• [Exercise goal]
Set out exactly every line of the entries below, starting at the line that holds "Warren Platform Bed" and stopping after the line that holds "Handmade Paper Craft".
Segment Start: Exercise materials
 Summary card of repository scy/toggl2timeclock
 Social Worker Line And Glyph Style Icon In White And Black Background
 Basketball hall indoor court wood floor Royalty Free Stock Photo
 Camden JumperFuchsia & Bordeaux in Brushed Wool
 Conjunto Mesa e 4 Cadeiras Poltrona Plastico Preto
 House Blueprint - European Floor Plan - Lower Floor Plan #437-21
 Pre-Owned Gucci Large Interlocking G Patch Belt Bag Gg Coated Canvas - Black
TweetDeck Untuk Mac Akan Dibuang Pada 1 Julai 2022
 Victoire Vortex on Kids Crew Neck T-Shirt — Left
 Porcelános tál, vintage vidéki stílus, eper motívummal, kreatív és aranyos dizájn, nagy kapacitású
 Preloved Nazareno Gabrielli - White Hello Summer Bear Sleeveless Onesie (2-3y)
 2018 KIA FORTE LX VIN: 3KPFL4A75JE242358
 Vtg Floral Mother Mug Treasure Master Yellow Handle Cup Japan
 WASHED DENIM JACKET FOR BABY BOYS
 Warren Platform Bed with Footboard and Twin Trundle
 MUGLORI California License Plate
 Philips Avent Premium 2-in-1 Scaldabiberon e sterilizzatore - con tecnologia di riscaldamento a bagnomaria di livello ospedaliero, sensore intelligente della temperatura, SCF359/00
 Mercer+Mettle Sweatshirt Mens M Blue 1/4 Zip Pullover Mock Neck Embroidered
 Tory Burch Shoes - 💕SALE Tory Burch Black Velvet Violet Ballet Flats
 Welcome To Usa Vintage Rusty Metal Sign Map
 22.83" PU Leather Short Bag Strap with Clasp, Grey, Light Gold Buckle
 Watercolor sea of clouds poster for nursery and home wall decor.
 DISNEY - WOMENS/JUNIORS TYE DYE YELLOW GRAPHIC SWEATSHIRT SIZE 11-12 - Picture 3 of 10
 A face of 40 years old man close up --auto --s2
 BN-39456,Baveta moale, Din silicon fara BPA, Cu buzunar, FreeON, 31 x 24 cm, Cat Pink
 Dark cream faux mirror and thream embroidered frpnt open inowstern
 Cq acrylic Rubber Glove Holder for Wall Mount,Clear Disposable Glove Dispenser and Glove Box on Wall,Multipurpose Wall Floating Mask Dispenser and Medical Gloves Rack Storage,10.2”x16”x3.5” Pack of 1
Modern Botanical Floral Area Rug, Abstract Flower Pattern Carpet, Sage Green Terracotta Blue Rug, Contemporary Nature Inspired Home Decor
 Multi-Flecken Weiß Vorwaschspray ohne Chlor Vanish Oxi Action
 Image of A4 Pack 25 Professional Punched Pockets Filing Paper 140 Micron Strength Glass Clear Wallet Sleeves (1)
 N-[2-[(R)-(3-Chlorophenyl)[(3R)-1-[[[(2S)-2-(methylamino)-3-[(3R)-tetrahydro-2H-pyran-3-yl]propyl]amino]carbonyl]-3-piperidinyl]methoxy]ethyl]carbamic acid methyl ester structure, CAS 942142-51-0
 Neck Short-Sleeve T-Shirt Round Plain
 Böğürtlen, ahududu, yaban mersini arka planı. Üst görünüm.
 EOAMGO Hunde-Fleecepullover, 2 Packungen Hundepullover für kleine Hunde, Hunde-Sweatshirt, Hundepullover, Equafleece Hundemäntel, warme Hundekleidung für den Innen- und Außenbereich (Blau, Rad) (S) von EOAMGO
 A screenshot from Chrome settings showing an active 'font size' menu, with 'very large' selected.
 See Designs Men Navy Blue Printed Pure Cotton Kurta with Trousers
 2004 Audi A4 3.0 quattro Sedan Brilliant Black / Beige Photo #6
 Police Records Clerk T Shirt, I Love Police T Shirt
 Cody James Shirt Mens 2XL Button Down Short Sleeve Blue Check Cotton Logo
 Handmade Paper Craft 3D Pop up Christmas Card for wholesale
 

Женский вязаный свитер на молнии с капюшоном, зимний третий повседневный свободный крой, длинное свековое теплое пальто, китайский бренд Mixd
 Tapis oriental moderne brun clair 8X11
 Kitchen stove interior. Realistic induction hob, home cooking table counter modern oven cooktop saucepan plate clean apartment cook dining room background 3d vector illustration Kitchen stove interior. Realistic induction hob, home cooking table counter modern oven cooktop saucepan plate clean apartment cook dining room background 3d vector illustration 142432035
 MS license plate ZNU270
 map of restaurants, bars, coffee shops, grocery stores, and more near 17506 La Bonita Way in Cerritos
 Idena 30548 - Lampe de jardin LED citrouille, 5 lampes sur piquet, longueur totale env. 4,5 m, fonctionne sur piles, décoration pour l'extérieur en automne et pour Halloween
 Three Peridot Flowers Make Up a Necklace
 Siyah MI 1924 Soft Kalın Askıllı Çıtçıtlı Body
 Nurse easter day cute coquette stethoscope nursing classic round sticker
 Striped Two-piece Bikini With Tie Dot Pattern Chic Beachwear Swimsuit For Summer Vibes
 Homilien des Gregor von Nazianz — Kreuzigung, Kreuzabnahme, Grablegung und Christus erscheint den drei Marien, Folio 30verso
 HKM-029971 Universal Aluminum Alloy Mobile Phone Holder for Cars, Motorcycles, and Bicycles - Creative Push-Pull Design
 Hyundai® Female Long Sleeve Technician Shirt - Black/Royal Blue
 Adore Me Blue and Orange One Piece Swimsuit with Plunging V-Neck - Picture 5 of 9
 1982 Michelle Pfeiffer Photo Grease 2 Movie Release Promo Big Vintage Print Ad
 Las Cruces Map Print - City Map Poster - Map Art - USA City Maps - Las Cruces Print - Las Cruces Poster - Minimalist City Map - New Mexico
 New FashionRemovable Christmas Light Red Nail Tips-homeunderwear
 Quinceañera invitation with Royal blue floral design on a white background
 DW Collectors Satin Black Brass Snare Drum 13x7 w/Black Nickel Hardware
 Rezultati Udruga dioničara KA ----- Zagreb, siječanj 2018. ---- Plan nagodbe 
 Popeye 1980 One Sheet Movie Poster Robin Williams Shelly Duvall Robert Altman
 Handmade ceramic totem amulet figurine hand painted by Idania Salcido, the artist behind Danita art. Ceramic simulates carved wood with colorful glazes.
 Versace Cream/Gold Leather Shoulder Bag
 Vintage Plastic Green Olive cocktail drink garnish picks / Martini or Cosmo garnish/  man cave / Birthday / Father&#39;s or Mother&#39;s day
Segment End: Exercise materials
• [Task output]
 Warren Platform Bed with Footboard and Twin Trundle
 MUGLORI California License Plate
 Philips Avent Premium 2-in-1 Scaldabiberon e sterilizzatore - con tecnologia di riscaldamento a bagnomaria di livello ospedaliero, sensore intelligente della temperatura, SCF359/00
 Mercer+Mettle Sweatshirt Mens M Blue 1/4 Zip Pullover Mock Neck Embroidered
 Tory Burch Shoes - 💕SALE Tory Burch Black Velvet Violet Ballet Flats
 Welcome To Usa Vintage Rusty Metal Sign Map
 22.83" PU Leather Short Bag Strap with Clasp, Grey, Light Gold Buckle
 Watercolor sea of clouds poster for nursery and home wall decor.
 DISNEY - WOMENS/JUNIORS TYE DYE YELLOW GRAPHIC SWEATSHIRT SIZE 11-12 - Picture 3 of 10
 A face of 40 years old man close up --auto --s2
 BN-39456,Baveta moale, Din silicon fara BPA, Cu buzunar, FreeON, 31 x 24 cm, Cat Pink
 Dark cream faux mirror and thream embroidered frpnt open inowstern
 Cq acrylic Rubber Glove Holder for Wall Mount,Clear Disposable Glove Dispenser and Glove Box on Wall,Multipurpose Wall Floating Mask Dispenser and Medical Gloves Rack Storage,10.2”x16”x3.5” Pack of 1
Modern Botanical Floral Area Rug, Abstract Flower Pattern Carpet, Sage Green Terracotta Blue Rug, Contemporary Nature Inspired Home Decor
 Multi-Flecken Weiß Vorwaschspray ohne Chlor Vanish Oxi Action
 Image of A4 Pack 25 Professional Punched Pockets Filing Paper 140 Micron Strength Glass Clear Wallet Sleeves (1)
 N-[2-[(R)-(3-Chlorophenyl)[(3R)-1-[[[(2S)-2-(methylamino)-3-[(3R)-tetrahydro-2H-pyran-3-yl]propyl]amino]carbonyl]-3-piperidinyl]methoxy]ethyl]carbamic acid methyl ester structure, CAS 942142-51-0
 Neck Short-Sleeve T-Shirt Round Plain
 Böğürtlen, ahududu, yaban mersini arka planı. Üst görünüm.
 EOAMGO Hunde-Fleecepullover, 2 Packungen Hundepullover für kleine Hunde, Hunde-Sweatshirt, Hundepullover, Equafleece Hundemäntel, warme Hundekleidung für den Innen- und Außenbereich (Blau, Rad) (S) von EOAMGO
 A screenshot from Chrome settings showing an active 'font size' menu, with 'very large' selected.
 See Designs Men Navy Blue Printed Pure Cotton Kurta with Trousers
 2004 Audi A4 3.0 quattro Sedan Brilliant Black / Beige Photo #6
 Police Records Clerk T Shirt, I Love Police T Shirt
 Cody James Shirt Mens 2XL Button Down Short Sleeve Blue Check Cotton Logo
 Handmade Paper Craft 3D Pop up Christmas Card for wholesale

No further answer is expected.